• **TRY IT**:
An exact repetition of the data below, without images, is the expected answer.

Start of DATA RECORDS

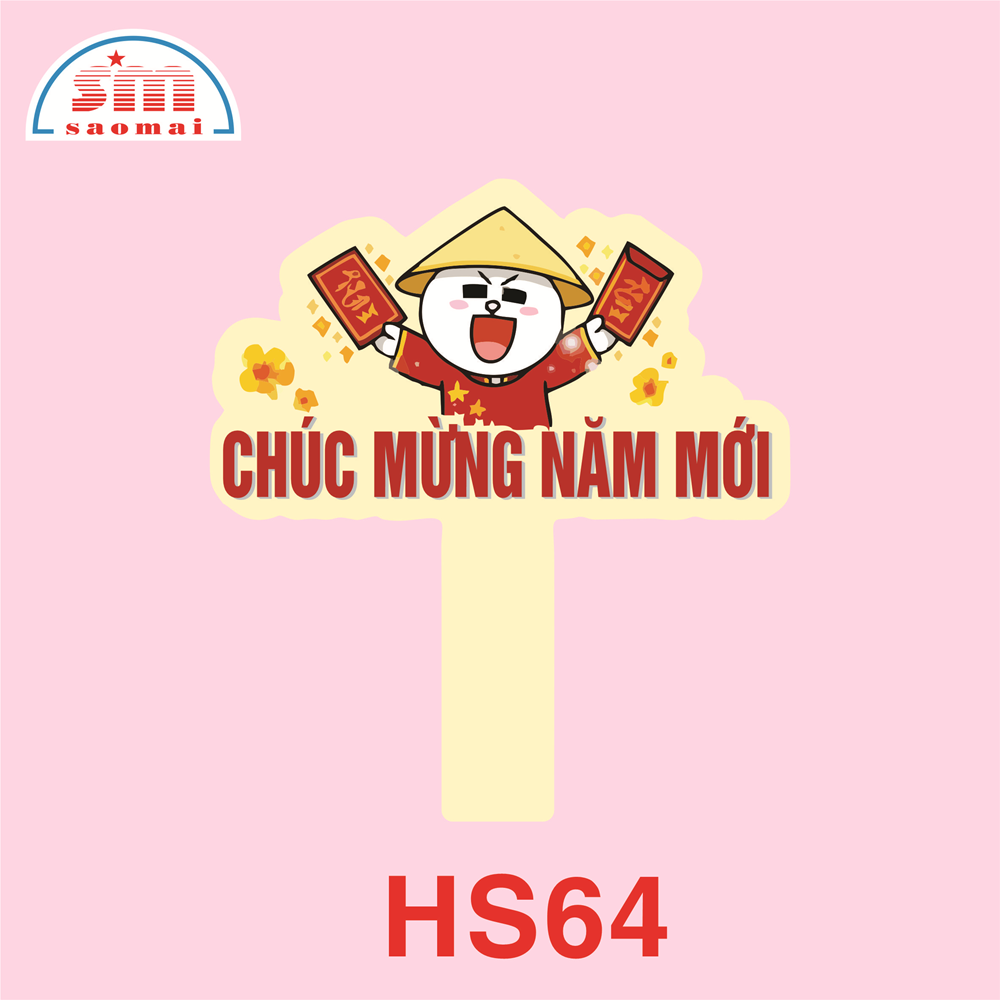 Hashtag cầm tay tất niên - tân niên
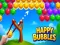 Παιχνίδι Happy Bubbles σε απευθείας σύνδεση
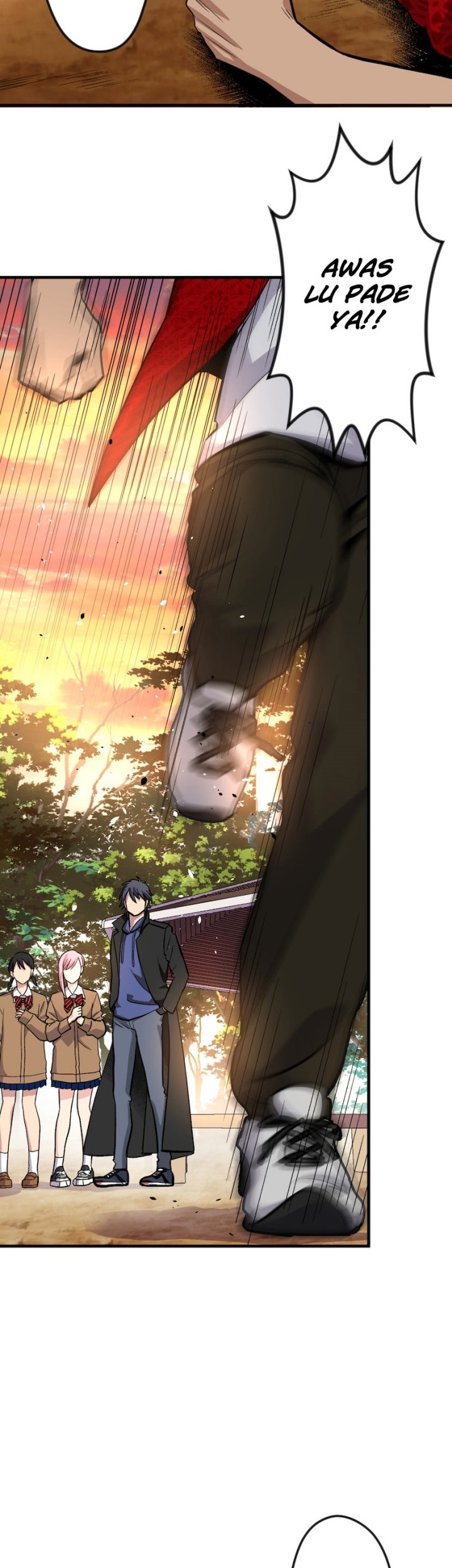 Anti-Hero Chapter 03 - Halaman 35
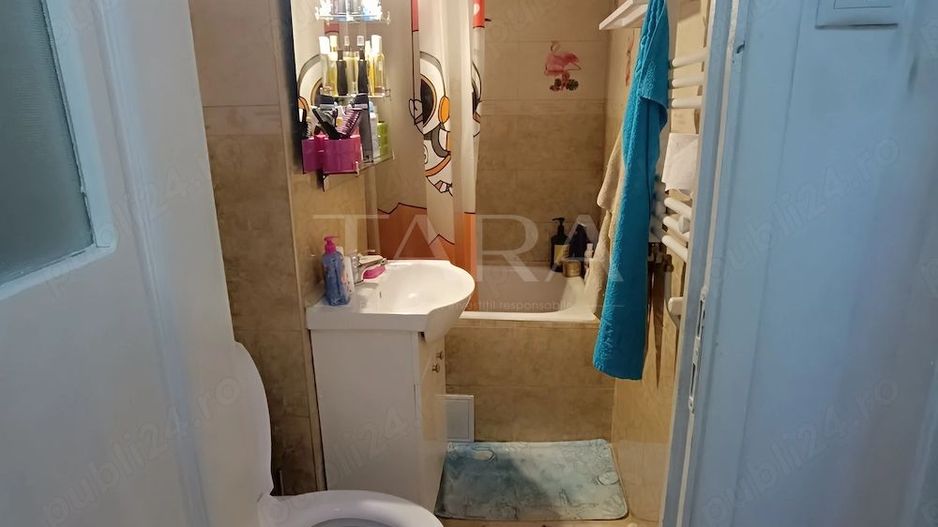 Apartament cochet, zona Minerva, Mănăștur. - Poză 12
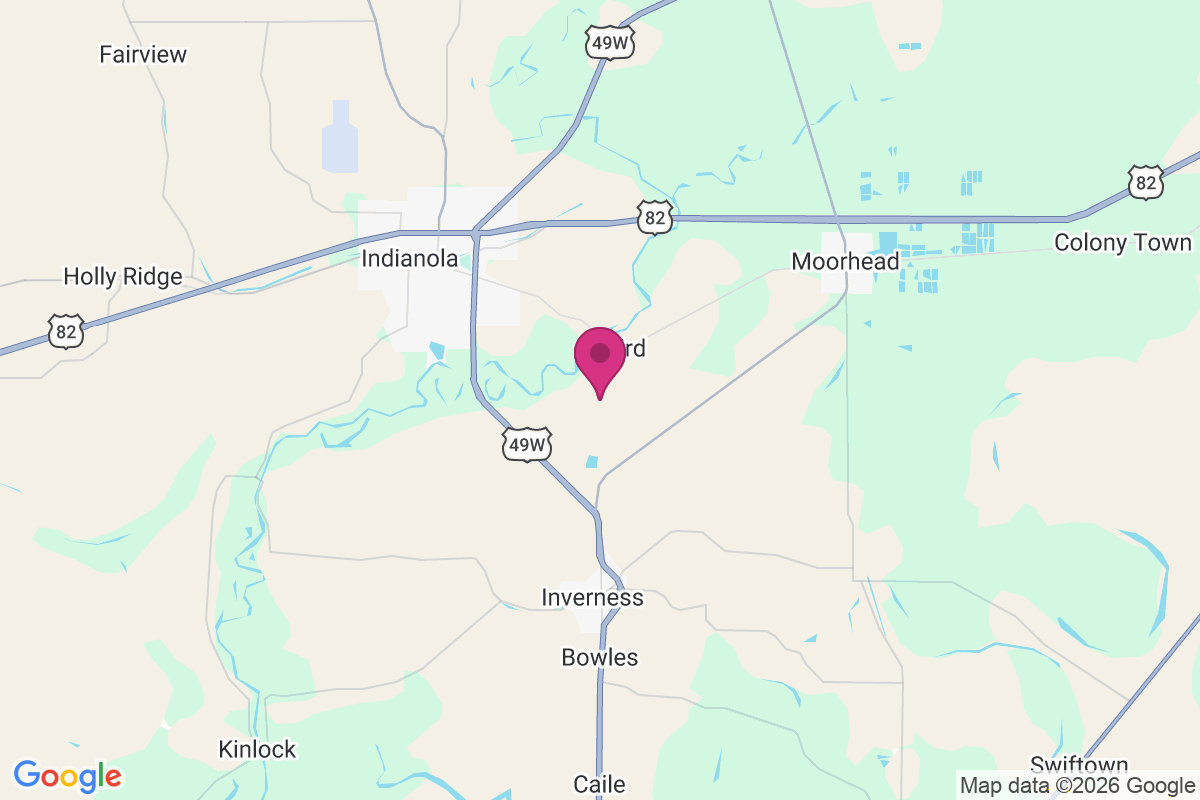 Carte de Johnsonville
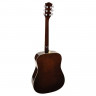 Acoustic Guitar Richwood RD-12 (Black)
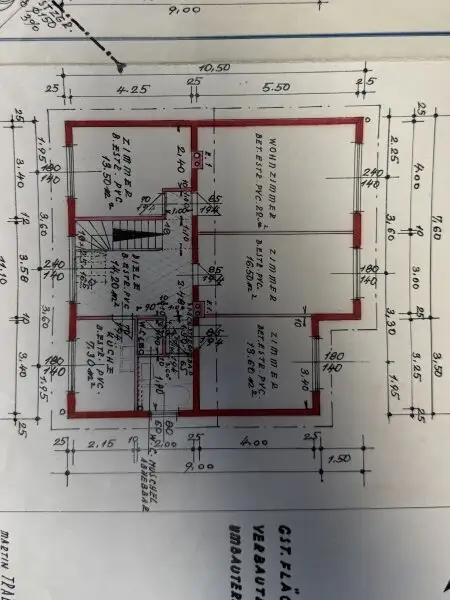 Einfamilienhaus mit Garten - ruhiges Fahnengrundstück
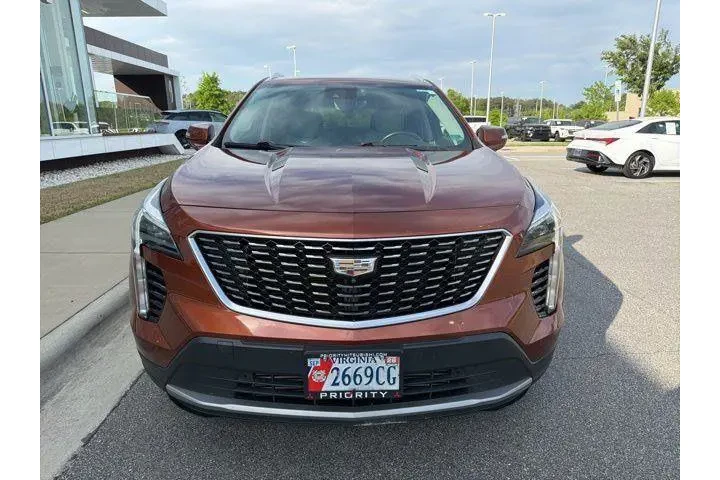 $20990 : Cadillac XT4 2019 Premium Lu image 9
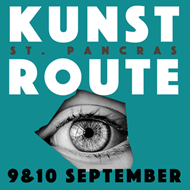 kunstroute stpancras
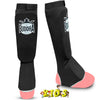 Zaindari zaindariak Buddha Tubular Beltza Haur Muay Thai MMA Kick Boxing - Buddha Fight Wear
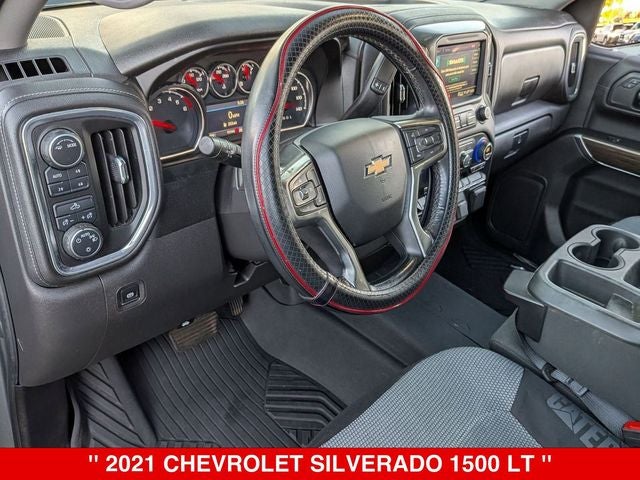 2021 Chevrolet Silverado 1500 LT LT1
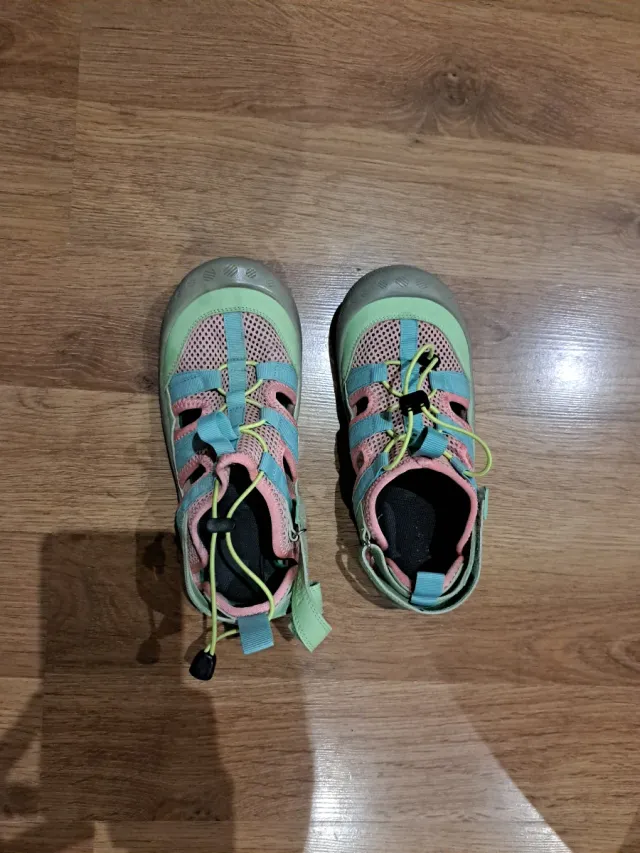 Mishansha barefoot verano niñ@. N° 33/ 34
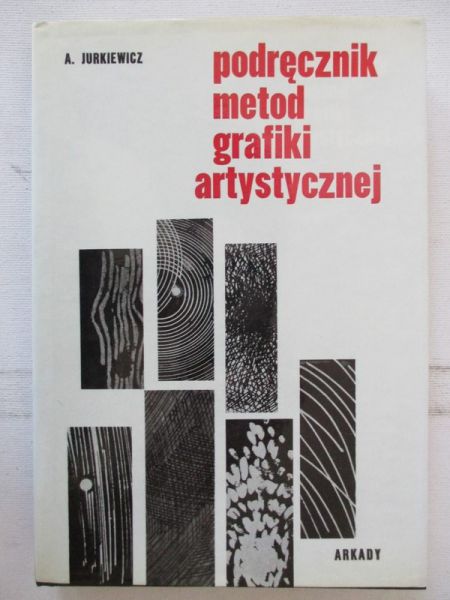 Podręcznik metod grafiki artystycznej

End of DATA RECORDS

• **EXPECTED OUTPUT**:
 Hashtag cầm tay tất niên - tân niên
 Παιχνίδι Happy Bubbles σε απευθείας σύνδεση
 Anti-Hero Chapter 03 - Halaman 35
 Apartament cochet, zona Minerva, Mănăștur. - Poză 12
 Carte de Johnsonville
 Acoustic Guitar Richwood RD-12 (Black)
 Einfamilienhaus mit Garten - ruhiges Fahnengrundstück
 $20990 : Cadillac XT4 2019 Premium Lu image 9
 kunstroute stpancras
 Zaindari zaindariak Buddha Tubular Beltza Haur Muay Thai MMA Kick Boxing - Buddha Fight Wear
 2021 Chevrolet Silverado 1500 LT LT1
 Mishansha barefoot verano niñ@. N° 33/ 34
 Podręcznik metod grafiki artystycznej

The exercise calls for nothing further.